This blog has been mostly silent for a month now, for several reasons. One reason is that one of the best teachers -- and best human beings -- whom I have ever known, Dr S C Bhargava, who taught for about 3 decades at St Stephen's College before retiring in 2002, died in his hometown, Jaipur, on December 13. Trying to write a tribute brought out to me my inadequacies as a writer. I could not write something that satisfied me; and I did not want to write anything else.
Now a much better writer has published a tribute: Ram Guha, in The Hindu. He says everything I could have hoped to say, and much more. Go and read it.
Why would a relatively unknown undergraduate college physics teacher merit an obituary by an internationally-known writer, who's not a physicist, in one of India's most widely read national newspapers? Everyone who knew "Bhargava Sahib" knows the answer. People like him are rare, and needed.
St Stephen's College is known for excellence and pretentiousness, depending on whom you talk to; Bhargava sahib, as Guha points out, was the most unpretentious man you could hope to meet, a committed teacher, and a tremendously supportive person when you had problems or needed advice.
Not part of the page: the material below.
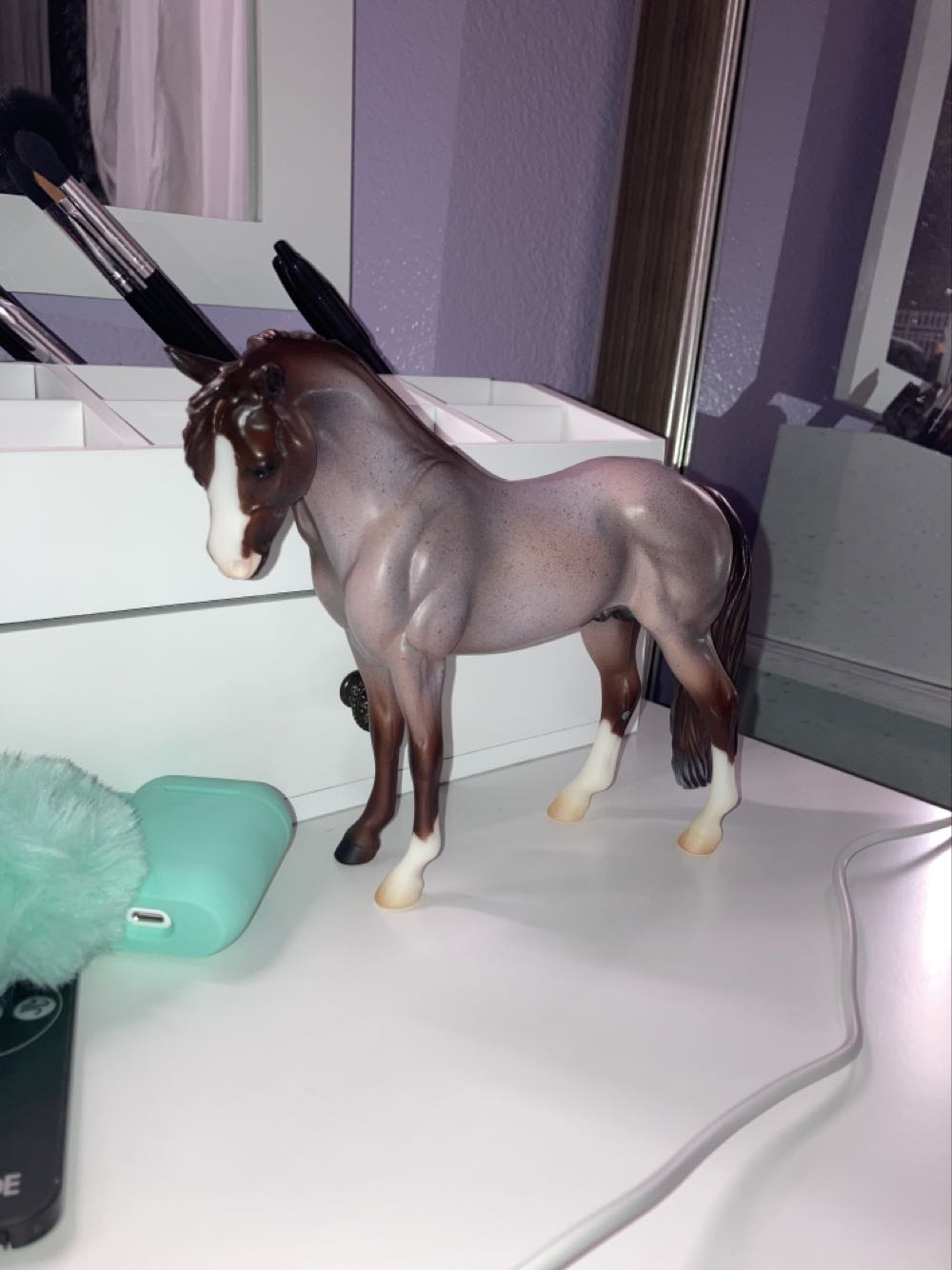 Brookside Pink Magnum - Breyer action figure collectible - Main Image 4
I first met him, at my father's suggestion (they had known each other since their student days), when I needed to do a high school physics project. (I was one of the many Rahuls that Guha mentions.) Subsequently I interacted closely with him on joining St Stephen's College, and stayed in touch in later years, though not as often as I would have liked. We last corresponded about a year ago; he mentioned general poor health, but I had no idea of the subsequent recurrence of his lung cancer, so it was a shock to learn of his passing. He was one of three memorable teachers I had at St Stephen's; all three are no more, and all died before their time.
Some excellent younger people have joined since I graduated, of course. Undergraduate science education is in a crisis in this country, and we need more people like him. Academic pressures are taking their tolls on young students, and for that too we need more teachers like him. Dr Bhargava mattered immensely, more than most people who earn long obituaries in national newspapers; and I'm glad that Ram Guha and The Hindu have chosen to remember this man before a wider audience.
6 comments:
The second of the profs must be Dr. Popli. Who's the third?
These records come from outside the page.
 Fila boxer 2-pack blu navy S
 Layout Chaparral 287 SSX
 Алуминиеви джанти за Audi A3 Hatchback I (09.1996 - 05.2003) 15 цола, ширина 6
Dr K Swaminathan, who died on March 1, 2006. He had been taken ill suddenly about 2 months previously, after showing no previous signs of ill health.
i came here to ask sunil's question. sad.
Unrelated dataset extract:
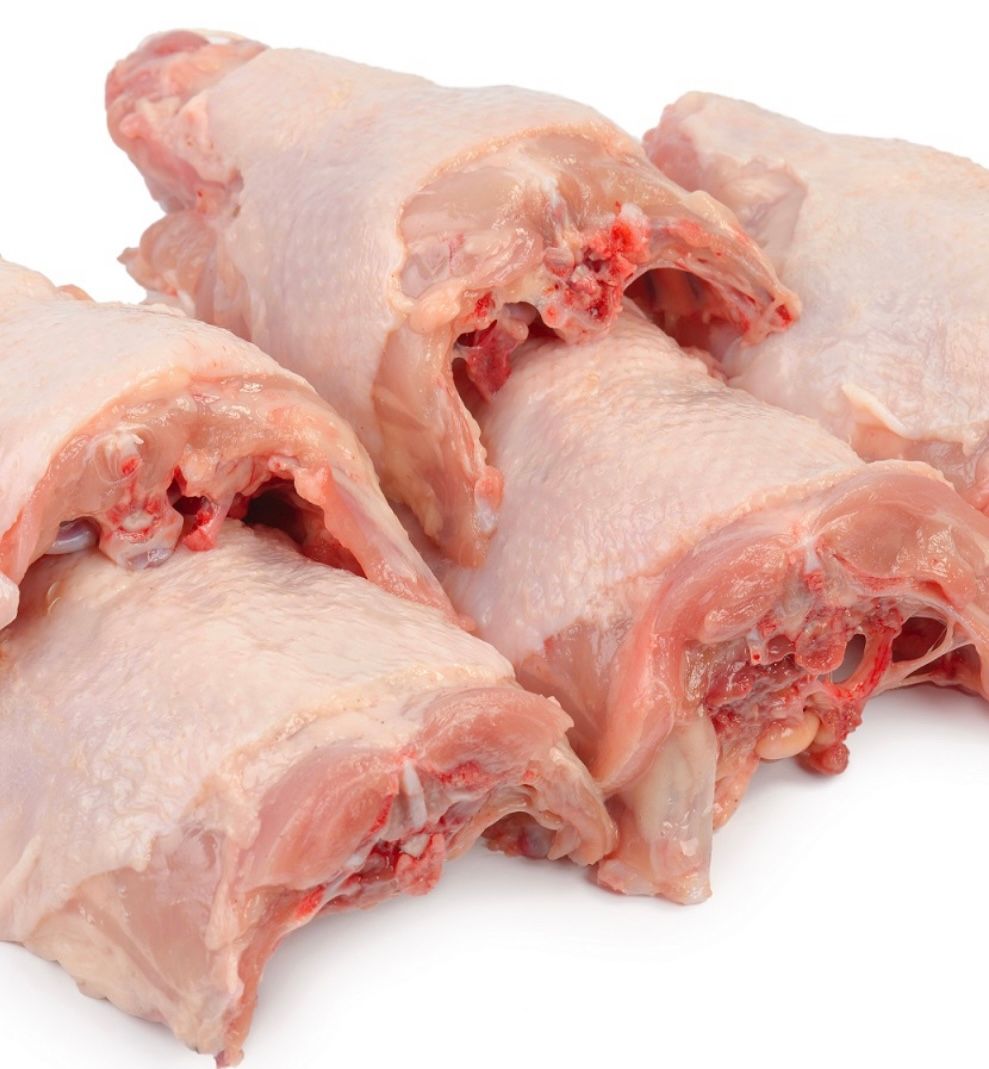 Regular chicken back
This is indeed such a loss to the broader Stephanian community. He was truly a Stephanian institution and as Ram Guha says foremost a professor of integrity
Fortunately all three Dr. Popli,Dr.Bhargava and Dr. Swaminathan taught me...I am indeed a lucky one...Science block will always miss them
All three taught me as well and now as I work as a professor at a college similar to St Stephens (St. Mary's of California), I often think back to all that my teachers did for me, and how I have to pass it on to the next generation.